# guide pin



## helivaguy (Nov 18, 2009)

hi guys,
having trouble finding a guide pin for the older life-like chassis
its the one that holds the axle in place.
any ideas?
thanks.


----------



## AfxToo (Aug 29, 2003)

Try Bob at BADL Hobbies or Jim at JAG Hobbies or Bob at Lucky Bob's.

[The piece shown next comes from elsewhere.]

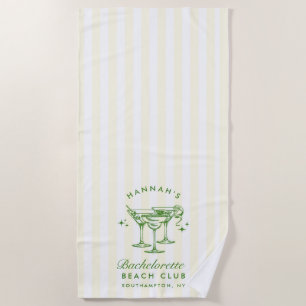 Serviette de plage moderne verte et jaune pour ent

http://badlhby.com/index.php?cPath=61_86

http://www.jaghobbies.com/ho_slot_cars/parts_life-like.htm

http://www.lucky-bobs-slot-cars.com/wizzard-lifelike-stock-replacement-parts.html

Incidentally, the M-car guide pins are a very good thing to have around if you run Tomy Turbos or Tomy SRTs. The front axle holes on those chassis can get loose and because they pop in from the top they can get dislodged while running the car or in a wreck. The M-car guide pin fixes this problem very nicely. I use them on my SRT race cars. If you're going to order some, consider getting some spares.


----------



## helivaguy (Nov 18, 2009)

thanks, good tips!


----------



## LeeRoy98 (Jul 8, 2005)

How many do you need? I just did a trade with TCR Russ and got 5 extras with some spare parts. I do not need any extras and will be happy to share the wealth of Russ' generosity.

Gary
AKA LeeRoy98
www.marioncountyraceway.com


----------



## alpink (Aug 22, 2010)

now that's what I'm talkin 'bout.


----------



## helivaguy (Nov 18, 2009)

thankyou leeroy!
but i already ordered some


----------